### TASK INSTRUCTIONS
Search the records below for "Raghad banner". Return that line and all remaining lines exactly.

═══ STORED DATA

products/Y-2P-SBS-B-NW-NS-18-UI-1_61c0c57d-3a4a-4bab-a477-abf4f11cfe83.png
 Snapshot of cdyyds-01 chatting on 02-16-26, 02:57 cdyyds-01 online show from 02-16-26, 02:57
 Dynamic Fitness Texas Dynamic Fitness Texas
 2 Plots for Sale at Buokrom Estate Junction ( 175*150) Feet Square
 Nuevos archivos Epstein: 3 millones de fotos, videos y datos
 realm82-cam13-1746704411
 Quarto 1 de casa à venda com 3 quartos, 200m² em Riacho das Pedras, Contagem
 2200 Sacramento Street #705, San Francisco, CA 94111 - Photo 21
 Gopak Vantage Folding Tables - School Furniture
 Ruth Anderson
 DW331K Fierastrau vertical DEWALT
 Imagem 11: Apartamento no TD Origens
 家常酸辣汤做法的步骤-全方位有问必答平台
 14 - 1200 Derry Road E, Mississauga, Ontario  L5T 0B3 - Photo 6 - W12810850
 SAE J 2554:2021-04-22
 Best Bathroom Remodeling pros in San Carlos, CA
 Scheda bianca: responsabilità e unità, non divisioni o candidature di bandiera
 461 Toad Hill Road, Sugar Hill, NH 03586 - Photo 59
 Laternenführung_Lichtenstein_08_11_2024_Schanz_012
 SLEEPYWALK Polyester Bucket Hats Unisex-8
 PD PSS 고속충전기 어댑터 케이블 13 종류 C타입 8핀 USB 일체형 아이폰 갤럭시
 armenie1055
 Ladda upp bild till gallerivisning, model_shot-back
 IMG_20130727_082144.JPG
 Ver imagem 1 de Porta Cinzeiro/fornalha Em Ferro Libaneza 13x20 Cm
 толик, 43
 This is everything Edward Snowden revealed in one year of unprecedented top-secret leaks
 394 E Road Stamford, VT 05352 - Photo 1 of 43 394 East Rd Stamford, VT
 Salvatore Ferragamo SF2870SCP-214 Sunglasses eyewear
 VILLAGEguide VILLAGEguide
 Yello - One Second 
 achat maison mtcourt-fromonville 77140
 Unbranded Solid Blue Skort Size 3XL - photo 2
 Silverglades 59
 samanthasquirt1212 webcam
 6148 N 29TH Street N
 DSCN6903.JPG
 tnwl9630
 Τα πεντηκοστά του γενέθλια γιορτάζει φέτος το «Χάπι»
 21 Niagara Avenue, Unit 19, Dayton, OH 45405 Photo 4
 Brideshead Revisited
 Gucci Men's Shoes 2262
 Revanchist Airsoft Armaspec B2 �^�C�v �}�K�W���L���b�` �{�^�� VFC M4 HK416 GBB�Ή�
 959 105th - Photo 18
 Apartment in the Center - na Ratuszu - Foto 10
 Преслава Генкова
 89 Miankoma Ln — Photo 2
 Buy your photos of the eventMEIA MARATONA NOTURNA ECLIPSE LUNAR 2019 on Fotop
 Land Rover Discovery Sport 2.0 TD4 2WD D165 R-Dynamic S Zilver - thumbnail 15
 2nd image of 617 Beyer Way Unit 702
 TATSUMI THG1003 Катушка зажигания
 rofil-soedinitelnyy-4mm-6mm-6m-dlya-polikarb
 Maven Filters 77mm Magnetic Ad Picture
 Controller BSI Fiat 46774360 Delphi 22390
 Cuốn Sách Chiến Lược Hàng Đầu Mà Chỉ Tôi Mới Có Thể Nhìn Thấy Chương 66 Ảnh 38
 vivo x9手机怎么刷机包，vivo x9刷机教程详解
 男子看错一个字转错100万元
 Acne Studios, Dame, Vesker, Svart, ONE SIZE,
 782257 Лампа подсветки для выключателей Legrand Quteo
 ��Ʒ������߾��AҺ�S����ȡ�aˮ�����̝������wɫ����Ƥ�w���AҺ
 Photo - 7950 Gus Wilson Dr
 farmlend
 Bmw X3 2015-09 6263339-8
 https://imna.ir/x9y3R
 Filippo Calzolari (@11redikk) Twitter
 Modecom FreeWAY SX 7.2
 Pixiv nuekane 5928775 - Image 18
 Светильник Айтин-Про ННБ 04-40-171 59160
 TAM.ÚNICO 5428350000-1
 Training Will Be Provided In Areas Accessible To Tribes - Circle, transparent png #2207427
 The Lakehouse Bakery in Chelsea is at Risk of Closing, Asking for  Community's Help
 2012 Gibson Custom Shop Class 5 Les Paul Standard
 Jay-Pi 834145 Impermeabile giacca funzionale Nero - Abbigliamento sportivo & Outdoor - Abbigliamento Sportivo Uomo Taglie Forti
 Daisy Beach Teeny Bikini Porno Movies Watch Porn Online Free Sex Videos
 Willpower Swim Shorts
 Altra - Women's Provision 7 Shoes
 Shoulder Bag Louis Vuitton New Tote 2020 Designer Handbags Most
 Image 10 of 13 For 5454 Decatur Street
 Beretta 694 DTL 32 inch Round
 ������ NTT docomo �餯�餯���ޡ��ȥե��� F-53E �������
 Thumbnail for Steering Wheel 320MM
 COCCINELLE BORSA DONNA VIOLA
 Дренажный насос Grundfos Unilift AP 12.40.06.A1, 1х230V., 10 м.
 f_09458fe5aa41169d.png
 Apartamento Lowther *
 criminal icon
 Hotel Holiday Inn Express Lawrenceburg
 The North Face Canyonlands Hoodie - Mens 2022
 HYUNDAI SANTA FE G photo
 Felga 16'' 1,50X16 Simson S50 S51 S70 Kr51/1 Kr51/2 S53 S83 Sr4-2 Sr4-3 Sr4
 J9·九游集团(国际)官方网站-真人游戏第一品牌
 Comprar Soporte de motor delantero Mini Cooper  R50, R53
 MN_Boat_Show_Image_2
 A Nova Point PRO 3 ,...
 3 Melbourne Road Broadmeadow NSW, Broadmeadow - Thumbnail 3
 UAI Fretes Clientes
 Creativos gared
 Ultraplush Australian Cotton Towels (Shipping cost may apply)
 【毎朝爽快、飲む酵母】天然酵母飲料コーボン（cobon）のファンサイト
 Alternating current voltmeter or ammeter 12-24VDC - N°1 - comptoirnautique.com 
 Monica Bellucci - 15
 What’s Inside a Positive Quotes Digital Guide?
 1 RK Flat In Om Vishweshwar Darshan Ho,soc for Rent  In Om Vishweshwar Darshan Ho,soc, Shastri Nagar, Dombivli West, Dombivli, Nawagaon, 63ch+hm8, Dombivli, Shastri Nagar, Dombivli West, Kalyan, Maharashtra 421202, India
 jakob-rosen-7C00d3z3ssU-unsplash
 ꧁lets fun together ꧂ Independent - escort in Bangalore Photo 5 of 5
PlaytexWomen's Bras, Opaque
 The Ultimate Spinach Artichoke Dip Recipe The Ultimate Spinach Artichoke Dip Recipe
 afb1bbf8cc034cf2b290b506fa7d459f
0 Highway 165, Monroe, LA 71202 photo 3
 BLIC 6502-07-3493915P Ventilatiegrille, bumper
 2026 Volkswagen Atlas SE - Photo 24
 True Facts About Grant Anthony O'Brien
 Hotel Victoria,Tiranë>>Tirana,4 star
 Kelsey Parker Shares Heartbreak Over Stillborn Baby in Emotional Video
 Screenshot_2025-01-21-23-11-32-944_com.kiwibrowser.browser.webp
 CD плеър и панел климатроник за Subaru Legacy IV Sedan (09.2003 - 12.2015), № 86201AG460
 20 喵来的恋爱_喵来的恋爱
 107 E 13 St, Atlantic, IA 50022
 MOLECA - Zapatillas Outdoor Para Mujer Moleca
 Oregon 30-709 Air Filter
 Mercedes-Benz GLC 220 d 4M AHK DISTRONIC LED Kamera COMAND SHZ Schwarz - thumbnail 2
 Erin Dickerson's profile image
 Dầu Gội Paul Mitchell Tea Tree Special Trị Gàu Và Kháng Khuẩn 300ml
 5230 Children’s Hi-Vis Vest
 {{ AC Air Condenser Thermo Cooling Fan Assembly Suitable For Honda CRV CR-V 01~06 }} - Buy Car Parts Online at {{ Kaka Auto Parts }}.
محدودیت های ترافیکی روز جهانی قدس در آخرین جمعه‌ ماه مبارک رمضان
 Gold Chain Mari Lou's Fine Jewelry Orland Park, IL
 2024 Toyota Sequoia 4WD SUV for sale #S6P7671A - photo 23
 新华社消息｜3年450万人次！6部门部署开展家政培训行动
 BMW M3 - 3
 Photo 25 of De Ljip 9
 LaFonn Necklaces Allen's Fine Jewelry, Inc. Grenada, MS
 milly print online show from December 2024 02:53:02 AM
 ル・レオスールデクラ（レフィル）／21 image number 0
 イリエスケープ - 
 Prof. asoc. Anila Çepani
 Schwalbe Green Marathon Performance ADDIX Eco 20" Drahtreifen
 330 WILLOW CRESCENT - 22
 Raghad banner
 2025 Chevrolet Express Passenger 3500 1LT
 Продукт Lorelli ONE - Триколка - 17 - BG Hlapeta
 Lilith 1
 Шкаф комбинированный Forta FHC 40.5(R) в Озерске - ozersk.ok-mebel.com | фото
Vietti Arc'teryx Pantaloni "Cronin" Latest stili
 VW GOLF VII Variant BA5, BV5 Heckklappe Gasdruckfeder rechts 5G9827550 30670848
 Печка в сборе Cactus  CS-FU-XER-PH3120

══════

### SOLUTION FOR THIS EXERCISE
 Raghad banner
 2025 Chevrolet Express Passenger 3500 1LT
 Продукт Lorelli ONE - Триколка - 17 - BG Hlapeta
 Lilith 1
 Шкаф комбинированный Forta FHC 40.5(R) в Озерске - ozersk.ok-mebel.com | фото
Vietti Arc'teryx Pantaloni "Cronin" Latest stili
 VW GOLF VII Variant BA5, BV5 Heckklappe Gasdruckfeder rechts 5G9827550 30670848
 Печка в сборе Cactus  CS-FU-XER-PH3120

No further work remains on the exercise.